La trompette dans le jazz : dans le cas de 37500 Yens, jeune groupe instrumental et plutôt bruyant originaire de Reims, on ne retrouve ni l’une ni l’autre et c’est tant mieux. Pourtant j’avais un petit peu peur, rien que le nom déjà -en ce moment je fais une énorme fixation sur les noms de groupes, j’en tire des conclusions hâtives et donc toujours fausses, un peu comme cette théorie qui me faisait considérer qu’un disque avec une pochette moche ne pouvait pas contenir de la bonne musique (mais maintenant que je me soigne j’ai appris qu’il y a aussi des mauvais disques avec de belles pochettes).
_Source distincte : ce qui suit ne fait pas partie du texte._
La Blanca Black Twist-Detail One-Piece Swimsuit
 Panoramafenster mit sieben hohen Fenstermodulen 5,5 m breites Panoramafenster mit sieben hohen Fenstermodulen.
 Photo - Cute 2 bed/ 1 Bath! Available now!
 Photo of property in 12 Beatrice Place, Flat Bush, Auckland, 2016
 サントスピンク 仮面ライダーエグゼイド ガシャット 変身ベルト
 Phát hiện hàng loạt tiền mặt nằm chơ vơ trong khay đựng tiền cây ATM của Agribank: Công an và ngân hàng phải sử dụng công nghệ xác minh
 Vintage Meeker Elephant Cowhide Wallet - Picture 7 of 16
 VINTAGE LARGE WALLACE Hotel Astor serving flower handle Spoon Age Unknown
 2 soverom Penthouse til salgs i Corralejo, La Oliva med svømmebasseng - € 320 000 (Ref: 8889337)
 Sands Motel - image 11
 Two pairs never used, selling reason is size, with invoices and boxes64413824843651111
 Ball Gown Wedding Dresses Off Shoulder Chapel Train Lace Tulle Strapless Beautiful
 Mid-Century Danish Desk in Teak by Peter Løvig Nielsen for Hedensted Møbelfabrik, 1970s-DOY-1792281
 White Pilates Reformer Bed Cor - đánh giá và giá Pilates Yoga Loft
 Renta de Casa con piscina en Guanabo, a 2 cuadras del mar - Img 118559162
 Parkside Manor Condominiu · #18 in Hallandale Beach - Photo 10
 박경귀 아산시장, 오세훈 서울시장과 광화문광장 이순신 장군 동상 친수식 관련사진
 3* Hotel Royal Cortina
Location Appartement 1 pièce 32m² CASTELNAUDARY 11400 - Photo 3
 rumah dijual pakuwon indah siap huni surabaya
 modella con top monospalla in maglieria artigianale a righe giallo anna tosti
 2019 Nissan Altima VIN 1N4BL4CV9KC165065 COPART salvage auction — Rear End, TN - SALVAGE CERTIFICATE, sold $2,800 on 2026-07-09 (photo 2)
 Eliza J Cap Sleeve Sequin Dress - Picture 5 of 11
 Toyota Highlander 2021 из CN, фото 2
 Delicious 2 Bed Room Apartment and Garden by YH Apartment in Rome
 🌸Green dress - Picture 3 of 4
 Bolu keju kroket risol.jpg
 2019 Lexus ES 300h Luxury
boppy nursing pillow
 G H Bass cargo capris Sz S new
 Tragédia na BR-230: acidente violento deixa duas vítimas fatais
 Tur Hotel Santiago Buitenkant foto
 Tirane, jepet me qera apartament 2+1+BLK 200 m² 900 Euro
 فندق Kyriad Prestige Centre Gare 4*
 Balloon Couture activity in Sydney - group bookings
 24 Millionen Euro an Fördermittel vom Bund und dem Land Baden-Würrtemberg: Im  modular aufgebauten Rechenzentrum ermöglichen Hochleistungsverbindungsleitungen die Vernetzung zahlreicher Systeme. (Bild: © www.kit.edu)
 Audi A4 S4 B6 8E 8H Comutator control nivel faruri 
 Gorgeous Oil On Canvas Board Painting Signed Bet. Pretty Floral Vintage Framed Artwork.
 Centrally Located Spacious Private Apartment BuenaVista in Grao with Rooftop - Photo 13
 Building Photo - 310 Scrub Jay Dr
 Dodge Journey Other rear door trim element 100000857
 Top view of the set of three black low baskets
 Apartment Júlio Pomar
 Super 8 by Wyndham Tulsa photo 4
Donc : le nom qui rassemble un paquet de pognon bien plus gros que ce que je ne verrai jamais, un titre d’album énigmatique et une pochette incertaine représentant peut être le guitariste et le batteur de 37500 Yens, tout ça ne me parlait pas.
Et puis j’ai lu coup sur coup deux chroniques, dont celle absolument dévouée de Perte Et Fracas (le responsable de ces écrits affolait déjà tout le monde il y a fort longtemps grâce à l’excellent fanzine Sonik) et je n’ai jamais su résister à un avis dont l’argumentation ne repose ou presque que sur l’affect. C’est même la meilleure argumentation possible.J’ai donc commandé Astero au label qui me l’a envoyé en un temps record, et depuis je n’écoute plus que ça. Pourtant j’en ai soupé des duos guitare/batterie ou basse/batterie et n’est pas les Ruins ou Lightning Bolt qui veut, surtout lorsque la tentation du trop bien jouer se fait sentir, lorsque la démonstration efface la conclusion, lorsque la virtuosité (ou ce que l’on pense comme telle) enlève toute vérité, du moins celle qu’on s’imagine.
37500 Yens n’est donc pas un groupe de math core de plus, même si ces deux garçons utilisent une bonne partie de sa grammaire : le batteur n’a pas tendance a mouliner dans le vide et perpétuellement à contre temps (comme Zach Hill de Hella), le guitariste a un son plutôt clair teinté de reverb et il y a de nombreux passages lents et plein de nuances, c’est tout ce qui fait la différence ce côté post quelque chose, ces boucles de guitare souvent élégantes qui s’entrecroisent mais ne s’empilent jamais jusqu’à la saturation. Au départ il est vrai que j’avais tendance à ne retenir que les courts passages chaotiques et géométriquement dévoyés mais c’était bien à tort : 37500 Yens est avant tout un groupe aux climats flottants, derrière le rictus du mathématicien on trouve parfois quelques châteaux de sable qui s’écroulent tout doucement.
Il y a aussi ce titre (Canard Boiteux) où le papa du guitariste vient souffler dans son saxophone, titre qui atteint une vitesse de croisière dont peu de formations free émérites peuvent se vanter. Sur Microphonie, 37500 Yens préfère jouer la carte du sample discret mais efficace. L’album se conclut par un Sullivan’s Quartet et un final chanté/crié (avec une nouvelle fois un invité) particulièrement prenant, cédant la place à une mare de guitares s’évaporant dans un bourdonnement sans suite. Alors je ne suis pas loin de penser moi aussi que nous tenons là l’un des plus talentueux jeunes groupes de ce petit coin de la planète.